Problem description :: Find the line that contains "เรียก ‘พี่’ ได้ไหม?". Copy it and every line after it to the end of the material below, exactly, with no pictures.

__________________________________________________

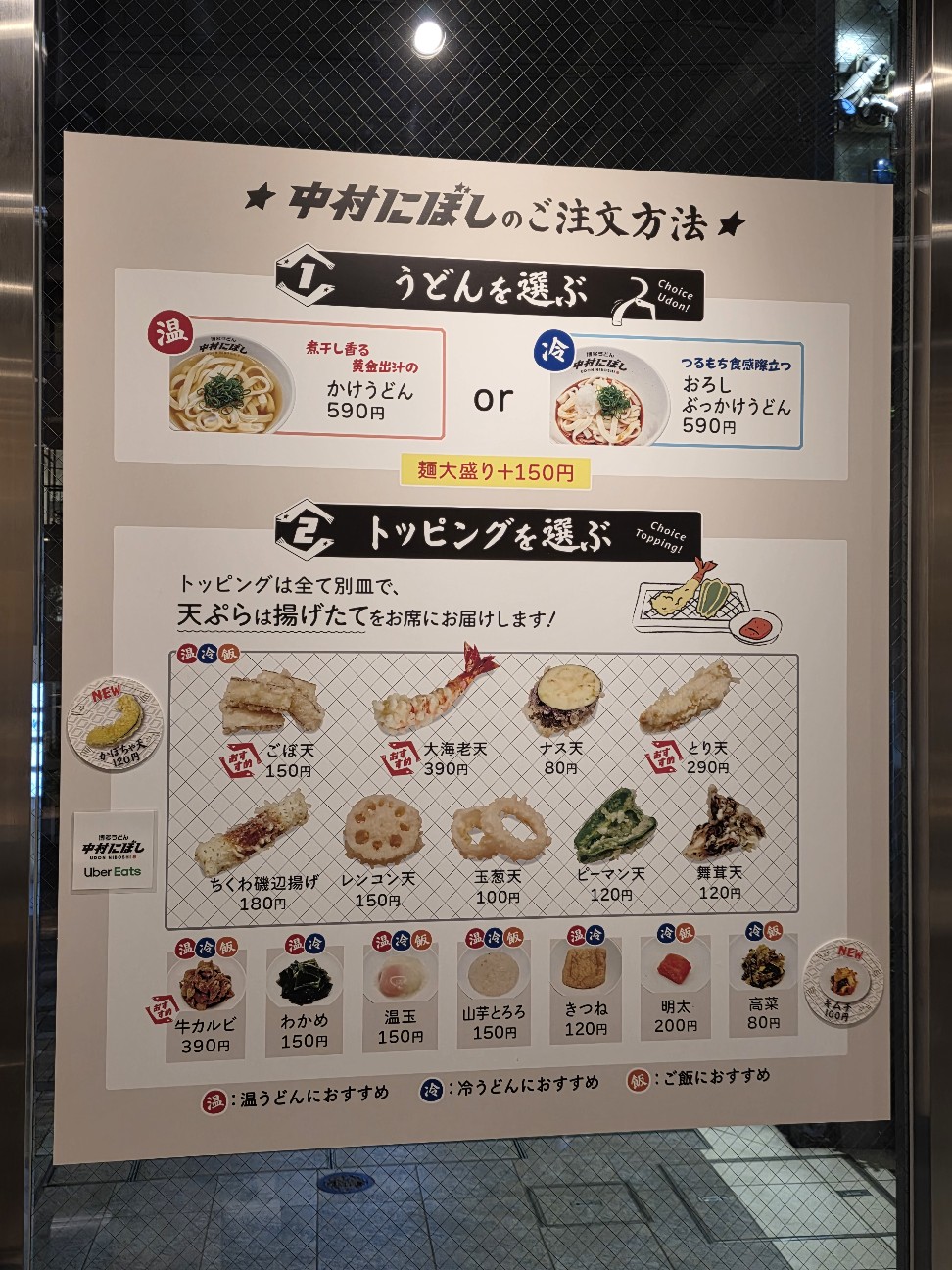 f:id:tt-suzukiit:20260425083521j:image
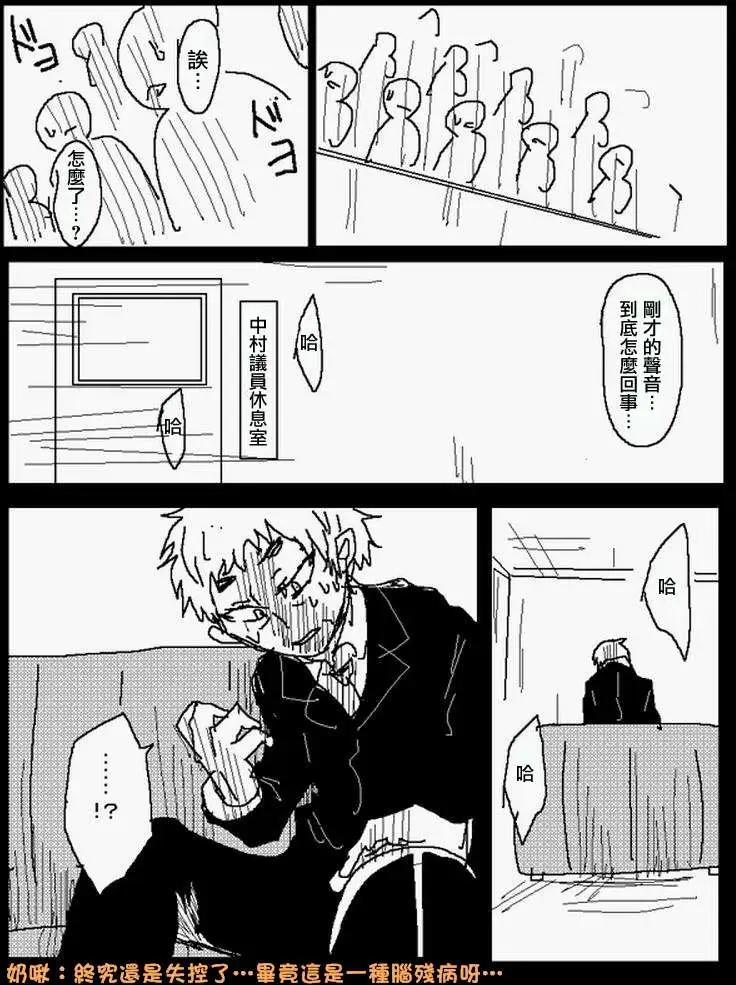 《吞噬人间旧作》番外篇5 第11页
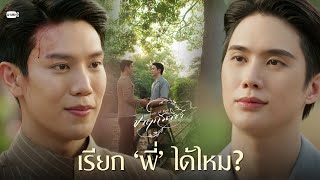 เรียก ‘พี่’ ได้ไหม? | จาฤกรติชา Memoir Of Rati
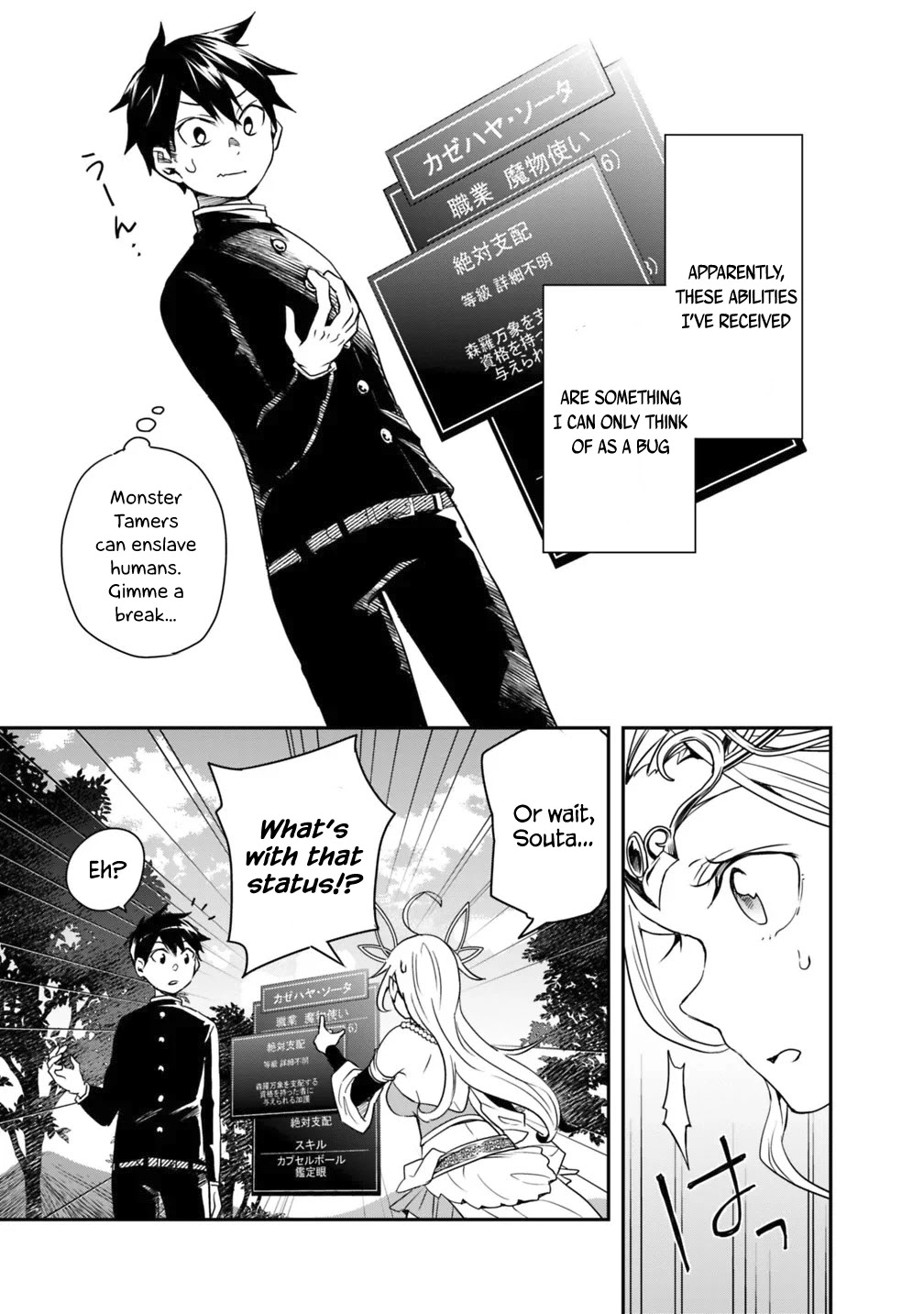 Isekai Monster Breeder Chapter 3 page 7 - Chapter 3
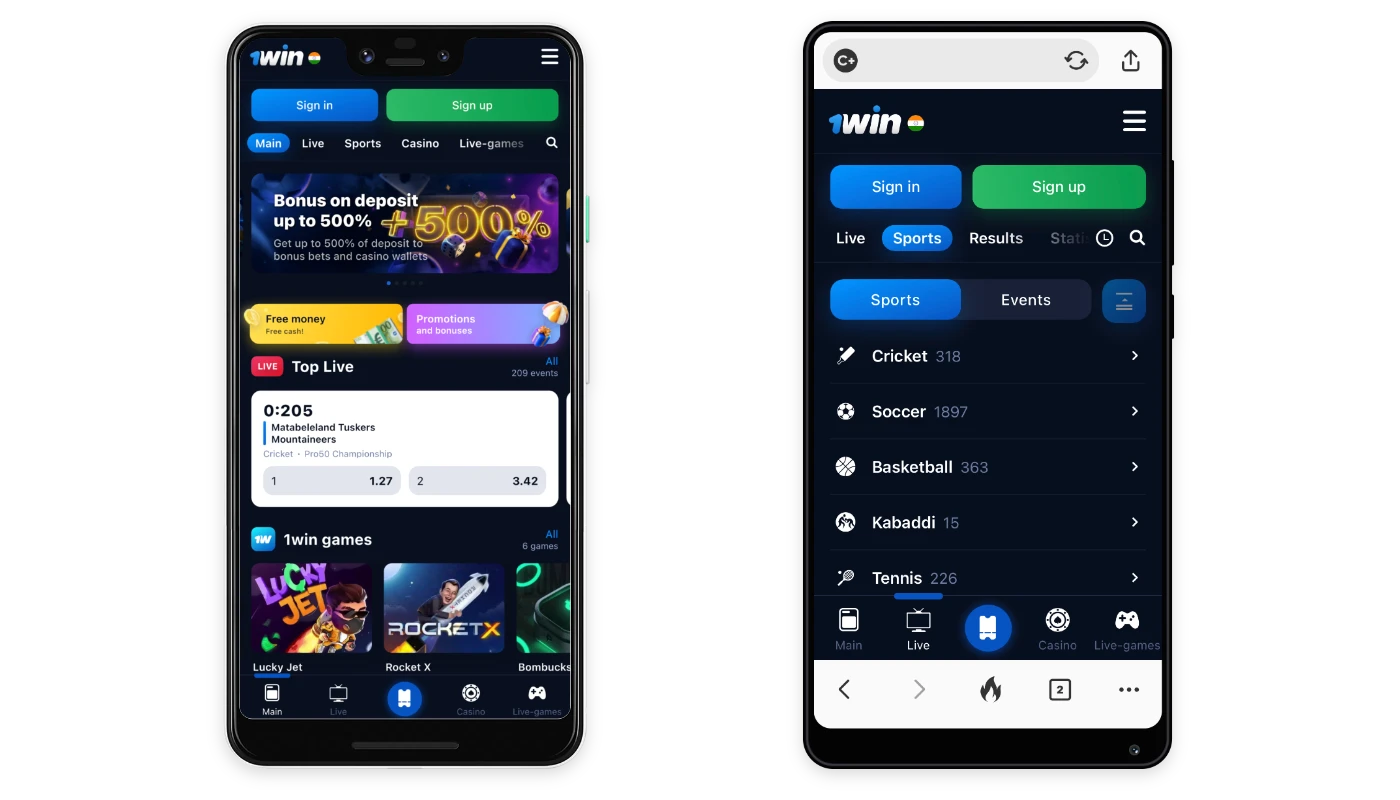 The main differences between the 1win mobile app and the mobile version of the site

__________________________________________________

Answer area ::
 เรียก ‘พี่’ ได้ไหม? | จาฤกรติชา Memoir Of Rati
 Isekai Monster Breeder Chapter 3 page 7 - Chapter 3
 The main differences between the 1win mobile app and the mobile version of the site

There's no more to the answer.